### Exercise instructions
When you reach the line with "Don't miss the" in the records below, begin transcribing exactly and continue up to and including the line with "Close-up of a", leaving out every picture.

*** Data section ***

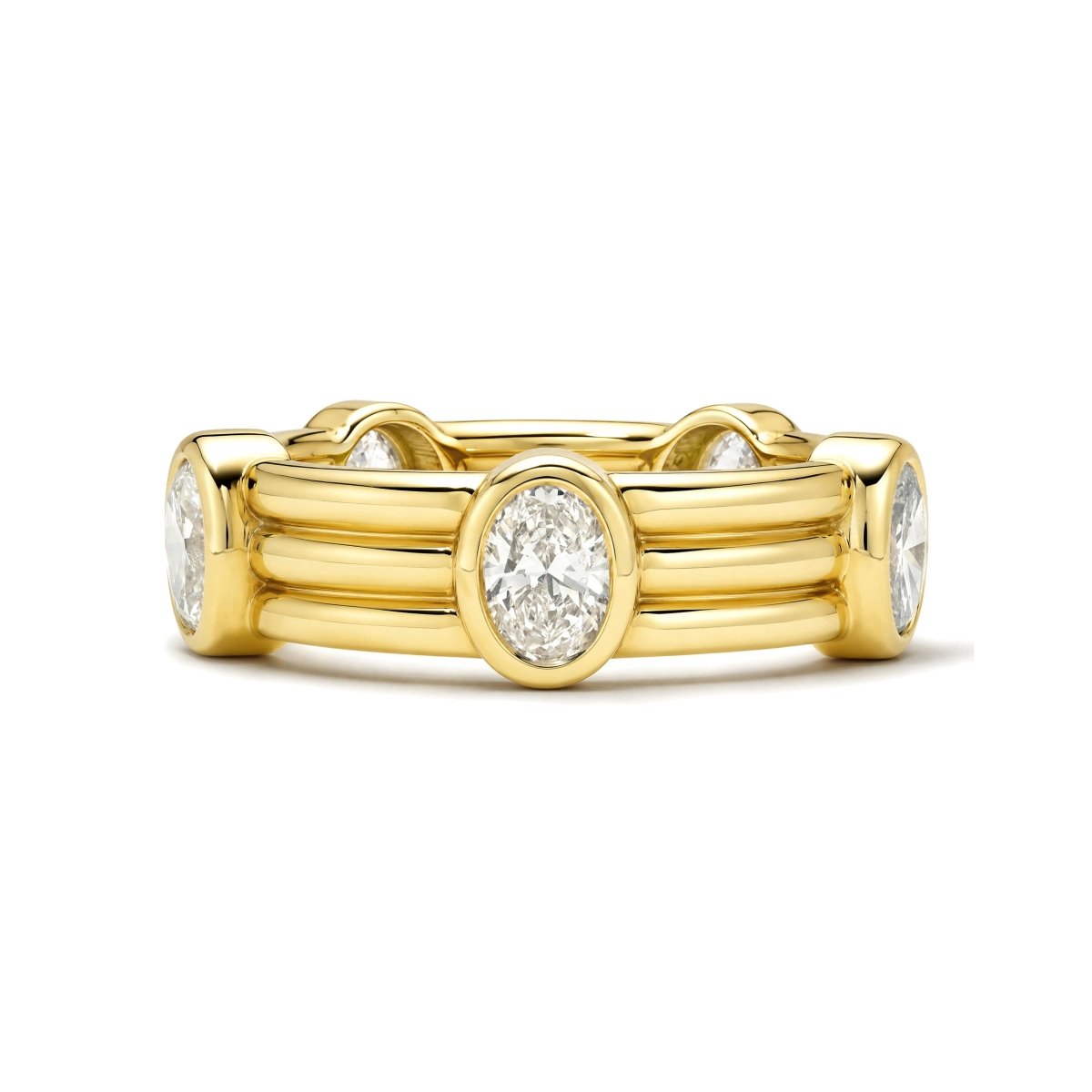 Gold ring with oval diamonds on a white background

***
*** Data section ***

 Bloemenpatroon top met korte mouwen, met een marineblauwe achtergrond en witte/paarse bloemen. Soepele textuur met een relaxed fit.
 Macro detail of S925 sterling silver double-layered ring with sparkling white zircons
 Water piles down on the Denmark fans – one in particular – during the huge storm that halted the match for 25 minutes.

***
*** Data section ***

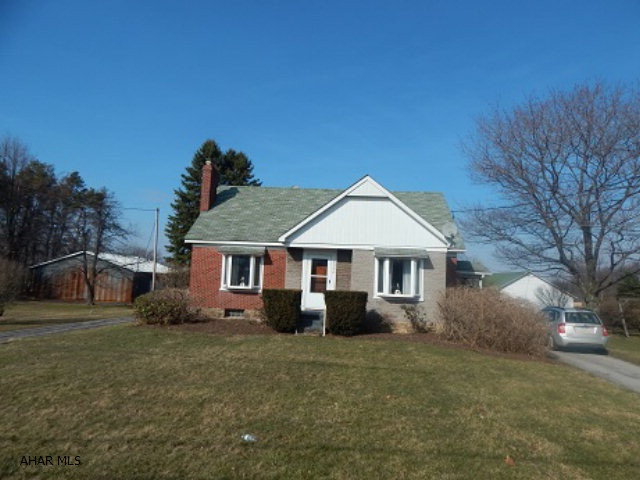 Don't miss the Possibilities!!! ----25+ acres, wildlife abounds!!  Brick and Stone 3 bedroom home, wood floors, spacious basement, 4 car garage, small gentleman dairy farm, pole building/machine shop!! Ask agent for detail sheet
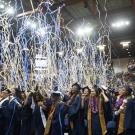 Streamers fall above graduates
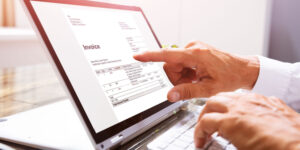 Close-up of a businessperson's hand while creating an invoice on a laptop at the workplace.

***

### Response area
 Don't miss the Possibilities!!! ----25+ acres, wildlife abounds!!  Brick and Stone 3 bedroom home, wood floors, spacious basement, 4 car garage, small gentleman dairy farm, pole building/machine shop!! Ask agent for detail sheet
 Streamers fall above graduates
 Close-up of a businessperson's hand while creating an invoice on a laptop at the workplace.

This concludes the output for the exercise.